# [Task inputs]
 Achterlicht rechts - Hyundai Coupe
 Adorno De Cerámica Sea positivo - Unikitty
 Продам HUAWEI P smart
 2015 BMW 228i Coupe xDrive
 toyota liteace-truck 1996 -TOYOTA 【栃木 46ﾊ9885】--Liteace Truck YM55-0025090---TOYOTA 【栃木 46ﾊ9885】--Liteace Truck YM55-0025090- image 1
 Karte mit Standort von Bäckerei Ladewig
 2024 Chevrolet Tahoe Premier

--

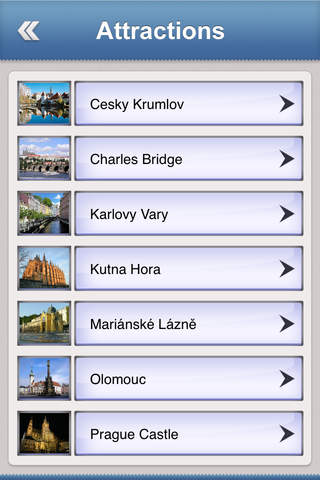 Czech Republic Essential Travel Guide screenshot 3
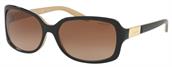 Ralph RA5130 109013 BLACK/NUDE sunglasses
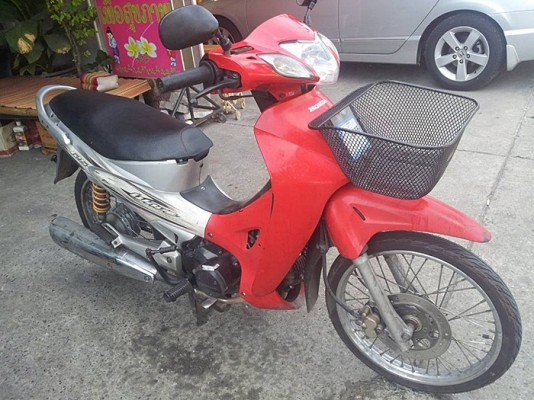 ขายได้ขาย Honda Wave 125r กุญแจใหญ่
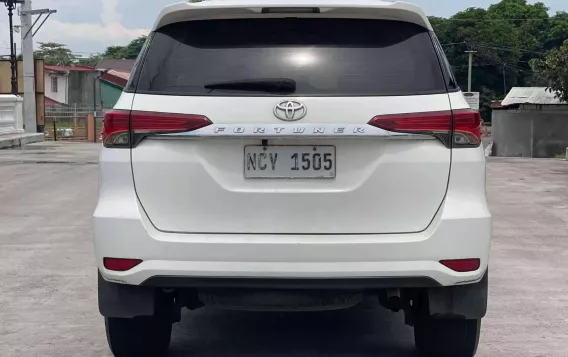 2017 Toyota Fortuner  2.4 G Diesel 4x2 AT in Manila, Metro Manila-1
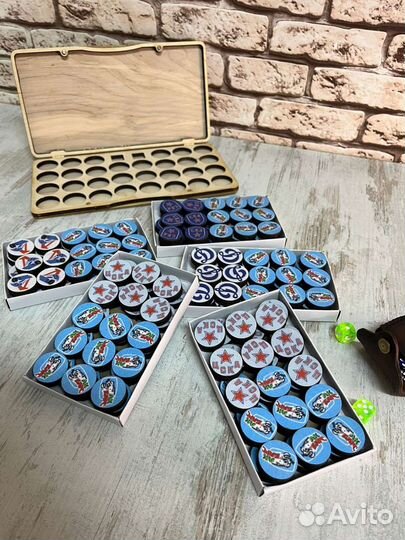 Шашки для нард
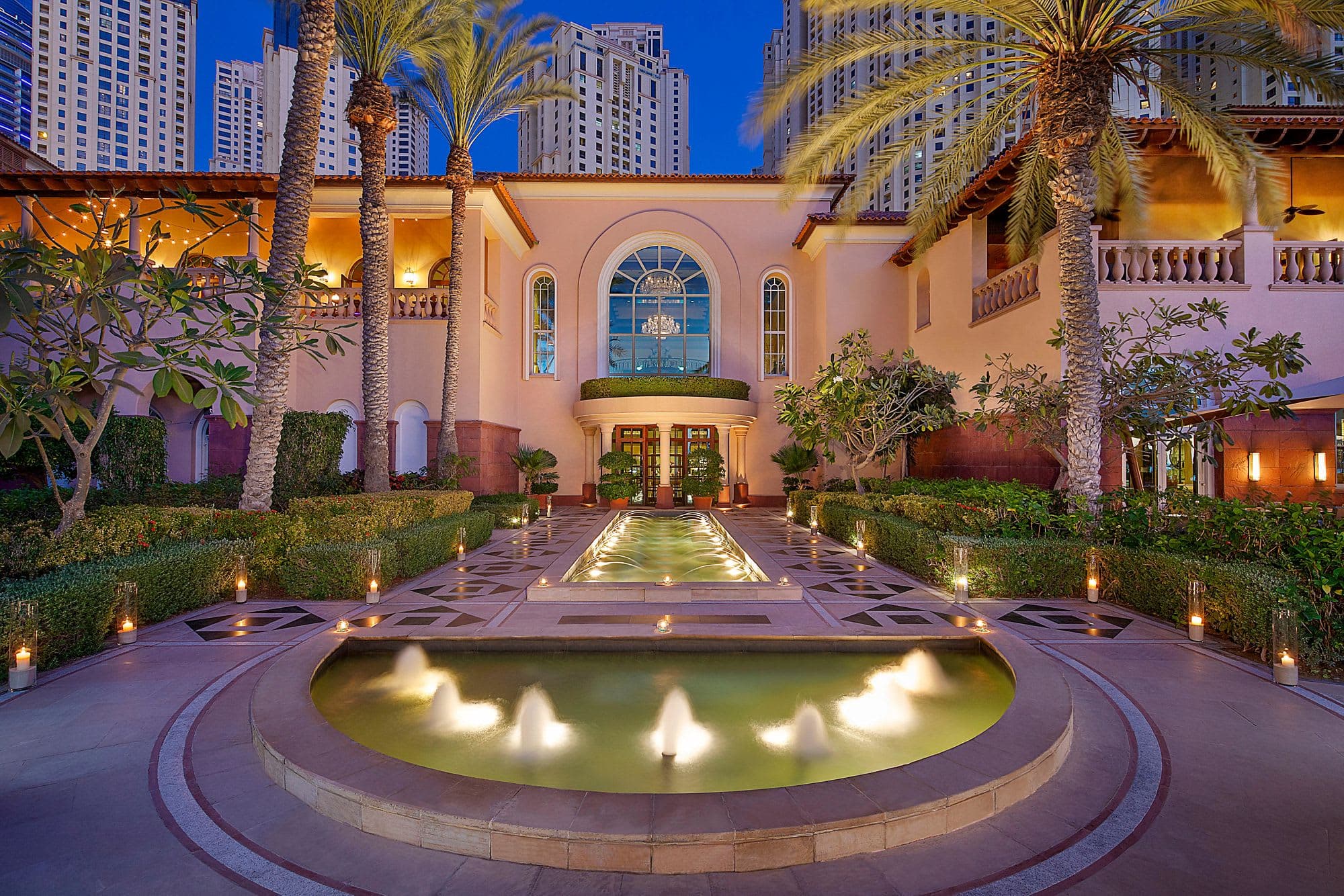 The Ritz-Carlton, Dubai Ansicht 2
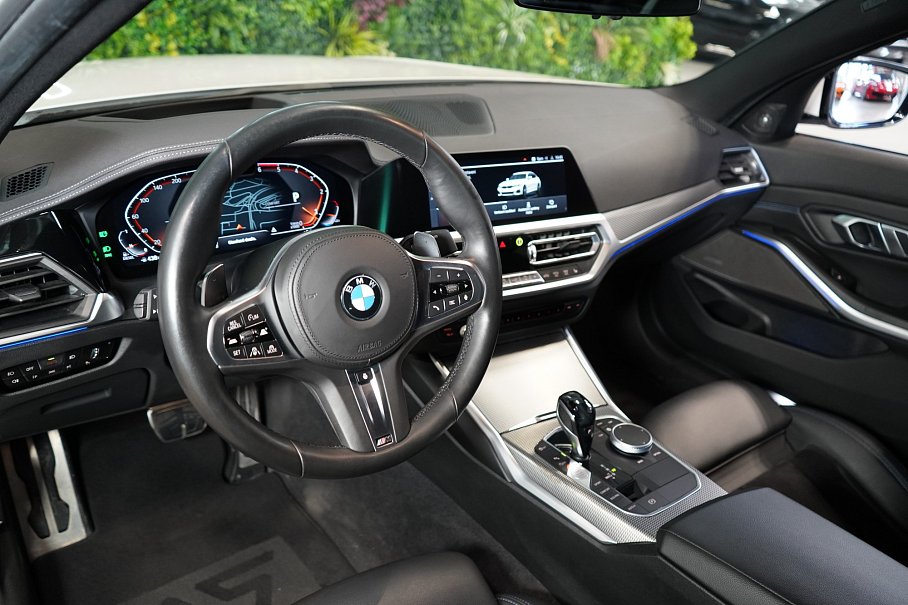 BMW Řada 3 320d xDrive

--

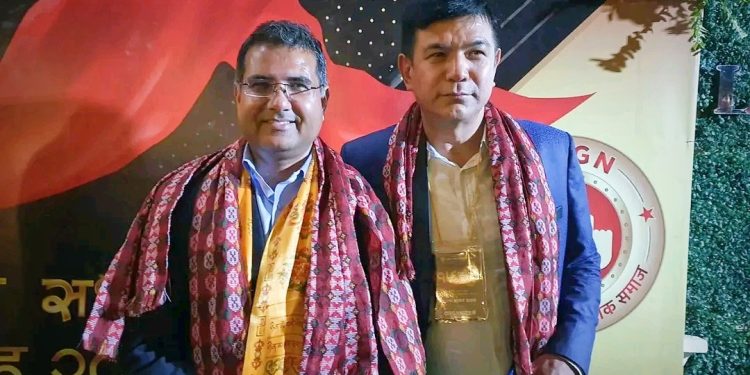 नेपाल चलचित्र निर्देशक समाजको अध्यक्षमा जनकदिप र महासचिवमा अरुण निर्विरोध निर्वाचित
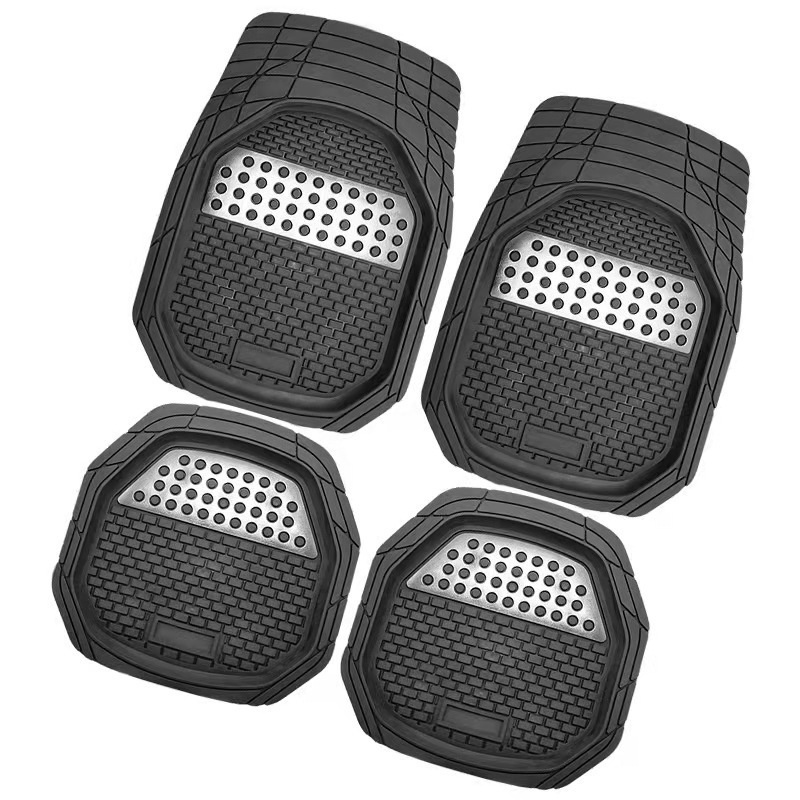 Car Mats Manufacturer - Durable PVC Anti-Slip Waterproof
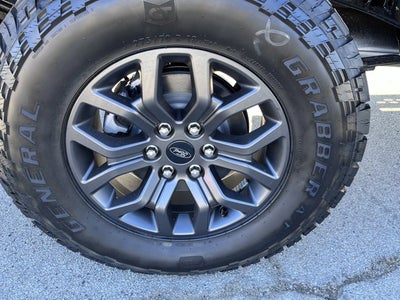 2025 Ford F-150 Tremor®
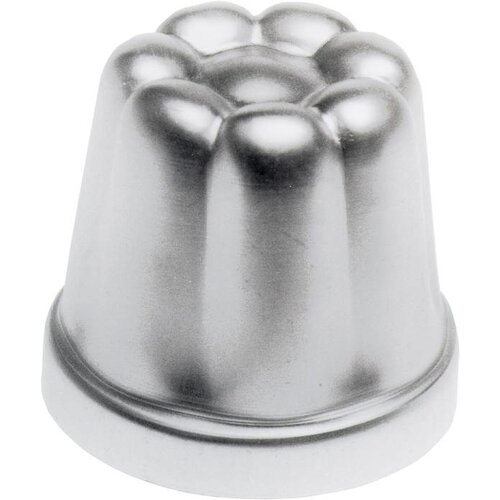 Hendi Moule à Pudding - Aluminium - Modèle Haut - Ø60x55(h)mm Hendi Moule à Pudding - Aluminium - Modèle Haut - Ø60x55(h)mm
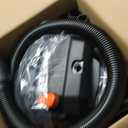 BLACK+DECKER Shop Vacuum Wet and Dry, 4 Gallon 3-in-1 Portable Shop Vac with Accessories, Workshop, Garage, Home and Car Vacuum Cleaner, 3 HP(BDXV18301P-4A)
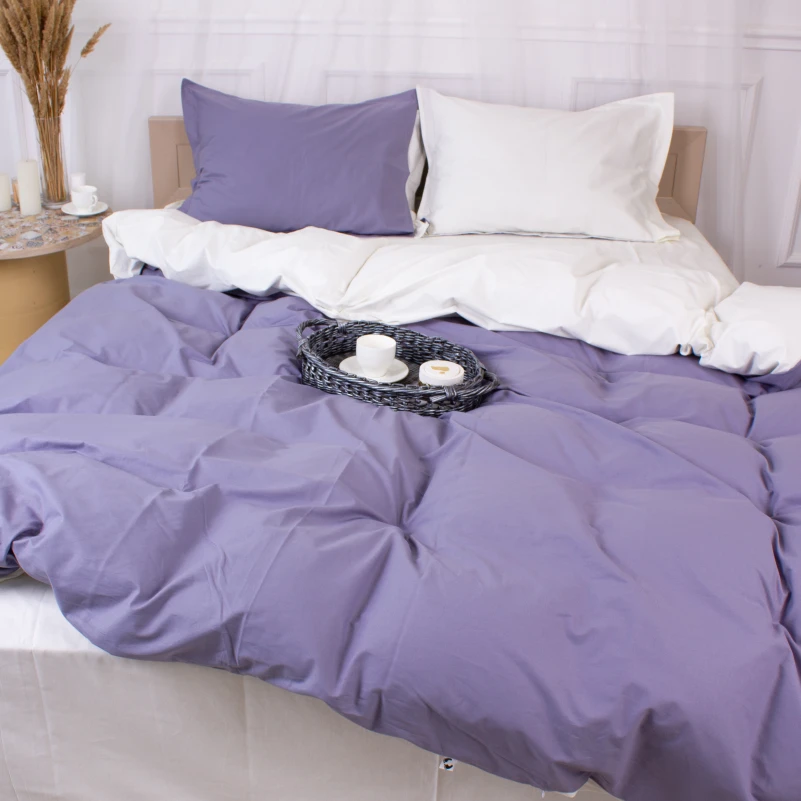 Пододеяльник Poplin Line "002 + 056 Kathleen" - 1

# [Exercise brief]
Give back, word for word, only the lines above from the line holding "2015 BMW 228i Coupe xDrive" to the line holding "2024 Chevrolet Tahoe Premier", both included.

# [Output of the task]
 2015 BMW 228i Coupe xDrive
 toyota liteace-truck 1996 -TOYOTA 【栃木 46ﾊ9885】--Liteace Truck YM55-0025090---TOYOTA 【栃木 46ﾊ9885】--Liteace Truck YM55-0025090- image 1
 Karte mit Standort von Bäckerei Ladewig
 2024 Chevrolet Tahoe Premier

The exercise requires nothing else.